*INSTRUCTIONS FOR THE TASK*
Reproduce exactly the line that contains "Hotel Garni Dello" and all lines that follow it in the records below, ending with the last one.

*RECORD EXTRACTS*
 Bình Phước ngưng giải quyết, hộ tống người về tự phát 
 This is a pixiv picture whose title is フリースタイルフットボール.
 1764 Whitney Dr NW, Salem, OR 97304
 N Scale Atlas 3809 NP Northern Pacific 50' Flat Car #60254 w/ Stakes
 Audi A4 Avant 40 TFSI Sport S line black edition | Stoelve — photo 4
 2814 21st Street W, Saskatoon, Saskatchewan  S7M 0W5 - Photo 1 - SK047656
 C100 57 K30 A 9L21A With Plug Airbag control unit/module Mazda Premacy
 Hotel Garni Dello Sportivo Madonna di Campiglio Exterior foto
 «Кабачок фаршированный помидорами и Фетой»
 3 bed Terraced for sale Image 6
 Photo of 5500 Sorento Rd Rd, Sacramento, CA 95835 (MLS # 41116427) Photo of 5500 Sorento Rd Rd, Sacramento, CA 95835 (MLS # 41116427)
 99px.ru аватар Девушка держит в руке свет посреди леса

*SOLUTION*
 Hotel Garni Dello Sportivo Madonna di Campiglio Exterior foto
 «Кабачок фаршированный помидорами и Фетой»
 3 bed Terraced for sale Image 6
 Photo of 5500 Sorento Rd Rd, Sacramento, CA 95835 (MLS # 41116427) Photo of 5500 Sorento Rd Rd, Sacramento, CA 95835 (MLS # 41116427)
 99px.ru аватар Девушка держит в руке свет посреди леса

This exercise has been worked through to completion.